Risiko

Gegenparteirisiko

Was ist gegenparteirisiko bei etfs?

Gegenparteirisiko bezeichnet die Gefahr, dass ein Vertragspartner zahlungsunfähig wird und seine Verpflichtungen nicht erfüllen kann. Im ETF-Kontext tritt es hauptsächlich bei synthetischen Swap-ETFs und bei der Wertpapierleihe physischer ETFs auf. Durch EU-Regularien (UCITS) ist das Risiko in der Praxis auf einen kleinen Bruchteil begrenzt, in den meisten Fällen auf unter 2 % des Fondsvermögens.

Einsteiger-Block

Ein Freund leiht sich 1.000 € von dir und kauft sich einen Laptop. Er verspricht Rückgabe in einem Jahr. Du hast gerade Gegenparteirisiko übernommen: Meldet er Insolvenz an, ist dein Geld weg, unabhängig davon, ob der Laptop gut war. Genau so funktioniert Gegenparteirisiko im ETF-Bereich, aber mit einem entscheidenden Unterschied: Die EU schreibt vor, dass der Risikobetrag fast immer mit Sicherheiten hinterlegt sein muss. Das Risiko ist damit nicht null, aber weit kleiner als die mediale Panikmache suggeriert.

Synthetische vs. physische Replikation: Wo das Risiko entsteht

ReplikationsartWie entsteht Gegenparteirisiko?UCITS-Schutz
Physisch (Direktkauf)Wertpapierleihe an Leerverkäufer102–110 % Kollateral vorgeschrieben
Synthetisch (Swap-basiert)Swap-Partner könnte ausfallenMax. 10 % unbesichertes Exposure

Swap-ETF: Der Fonds schließt einen Tauschvertrag mit einer Bank. Die Bank liefert die Index-Rendite, der Fonds hinterlegt einen Sicherheitenkorb. Fällt die Bank aus, bricht der Swap zusammen, aber 90 %+ des Vermögens sind als Pfand hinterlegt.

Physische Wertpapierleihe: Vanguard, iShares und andere verleihen echte Aktien an Hedgefonds-Leerverkäufer gegen Leihgebühren. Fällt der Leerverkäufer aus, sind mindestens 102 % Kollateral vorhanden, um die Papiere zurückzukaufen.

UCITS-Regelwerk: Der Schutzrahmen

Europäische ETFs sind per UCITS-Richtlinie reguliert. Das ungesicherte Gegenparteirisiko gegenüber einem einzelnen Swap-Partner darf 10 % des Fondsvermögens nicht überschreiten. In der Praxis sichern die meisten Anbieter jedoch deutlich über 100 % ab, das verbleibende Netto-Exposure liegt faktisch zwischen 0 % und 2 %.
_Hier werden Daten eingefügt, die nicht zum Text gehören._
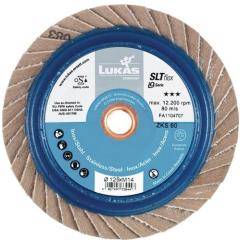 Fächerscheibe SLT flex D.125mm K.40 fl.INOX,STA Spezial-Zirkonkorund 10 LUKAS | 10 Stück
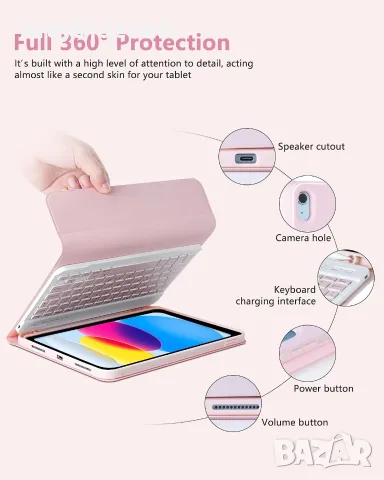 Калъф с безжична клавиатура за iPad Air 11" и iPad Air 10.9" – 7-цветна RGB подсветка, розов, снимка 5 - Калъфи, кейсове - 55817038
Die 2 größten Fehler im Umgang mit dem Risiko

  1. Lehman-Brothers-Angst auf ETFs übertragen: “Was passiert, wenn mein ETF-Anbieter pleitegeht?” Nichts mit deinen Anteilen. Jeder in der EU zugelassene ETF gilt als Sondervermögen. deine Anteile sind rechtlich vom Vermögen des Anbieters getrennt und verbleiben auch im Insolvenzfall in deinem Eigentum. Sie fließen nicht in die Konkursmasse.

  2. Swap-ETF fürchten, Tagesgeld-Risiko ignorieren: Das Tagesgeldkonto einer Bank ist bis 100.000 € gesetzlich gesichert. darüber hinaus ist es unbesichertes Gegenparteirisiko gegenüber der Bank. Wer über 100.000 € unbesichert auf einem Konto parkt, hat mehr Gegenparteirisiko als jeder UCITS-konforme Swap-ETF.

Praktische Implikation

Lass Gegenparteirisiko nicht deine ETF-Auswahl diktieren. Wenn du dich mit physischer Replikation wohler fühlst, filtere auf justETF nach “Physisch replizierend”, das ist eine legitime Präferenz, aber das Restrisiko bei Swap-ETFs ist statistisch vernachlässigbar und verändert dein Rendite-Risiko-Verhältnis deutlich weniger als Fondskosten oder Allokationsentscheidungen.

Gegenparteirisiko ist für langfristige Welt-Investoren in der Praxis eine Phantom-Debatte. Du hast weder Handlungszwang noch relevante Gefahr. Das Delta: Ignoriere die mediale Panikmache rund um synthetische Fonds und konzentriere deine Energie auf das wirklich relevante Risiko deines Depots. Aktienmarkt-Schwankungen und Klumpenrisiken im Index.